El salmista tenía una ventaja cuando alababa debido a su estrecha relación con el mundo natural. David empezó su vida al aire libre siendo pastor y, después, pasó años escondido en algunas tierras rocosas de Israel. No sorprende que se irradie a través de muchos de sus poemas un gran amor e incluso reverencia por la naturaleza. Los salmos presentan un mundo perfectamente coordinado, sustentado en su totalidad por un Dios personal que lo cuida y vigila.

El desierto les anuncia a nuestros sentidos el esplendor de un Dios invisible e indomable. ¿Cómo no alabar a Aquel que imaginó y creó el puercoespín y el alce, que esparció álamos con follaje verde brillante sobre las colinas de rocas grises, que transforma el mismo panorama en una obra de arte con cada ventisca?

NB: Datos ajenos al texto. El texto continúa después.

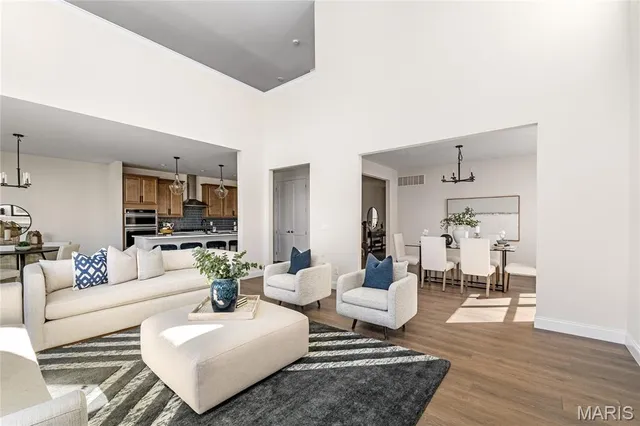 $875,430 | 301 Switchgrass Landing Lane, Cottleville, MO 63304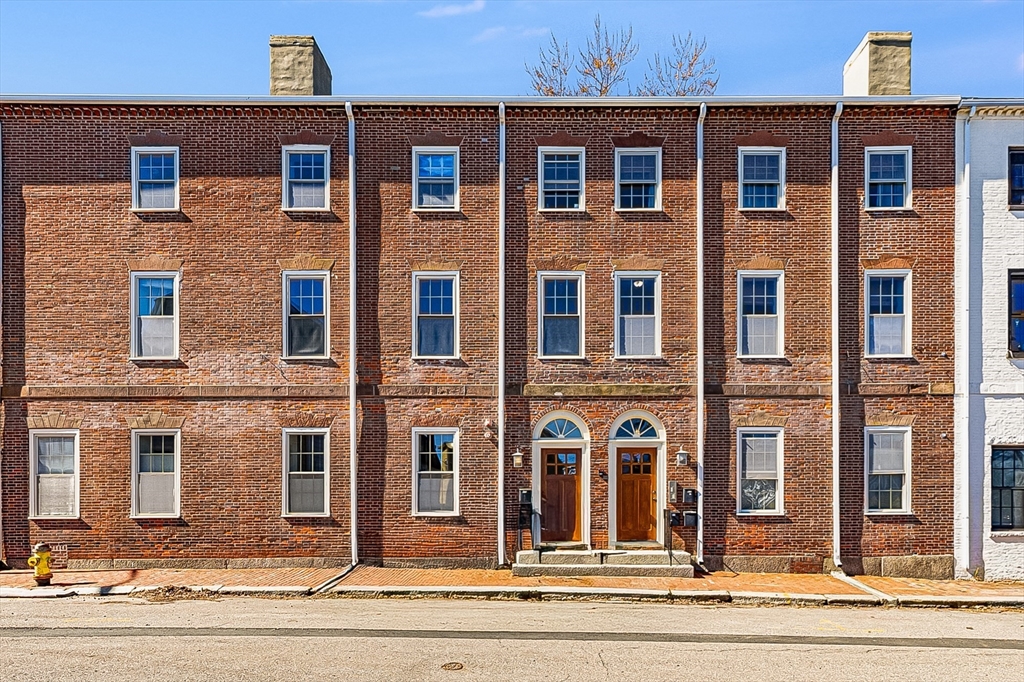 8 Union Street, Unit 1 Salem, MA 01970 - Photo 13 of 35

En la mente del salmista, el mundo no puede contener el deleite que provoca el Señor. «Cantad alegres al Señor, toda la tierra; levantad la voz, y aplaudid, y cantad salmos» (Salmo 98:4). La naturaleza misma se une, expresando: «Los ríos batan las manos, los montes todos hagan regocijo» (v. 8).

Los salmos solucionan maravillosamente el problema de una cultura de alabanza deficiente, al proporcionar las palabras necesarias. Lo único que debemos hacer es compenetrarnos con esas expresiones y permitir que Dios utilice los salmos para reacomodar nuestras actitudes internas.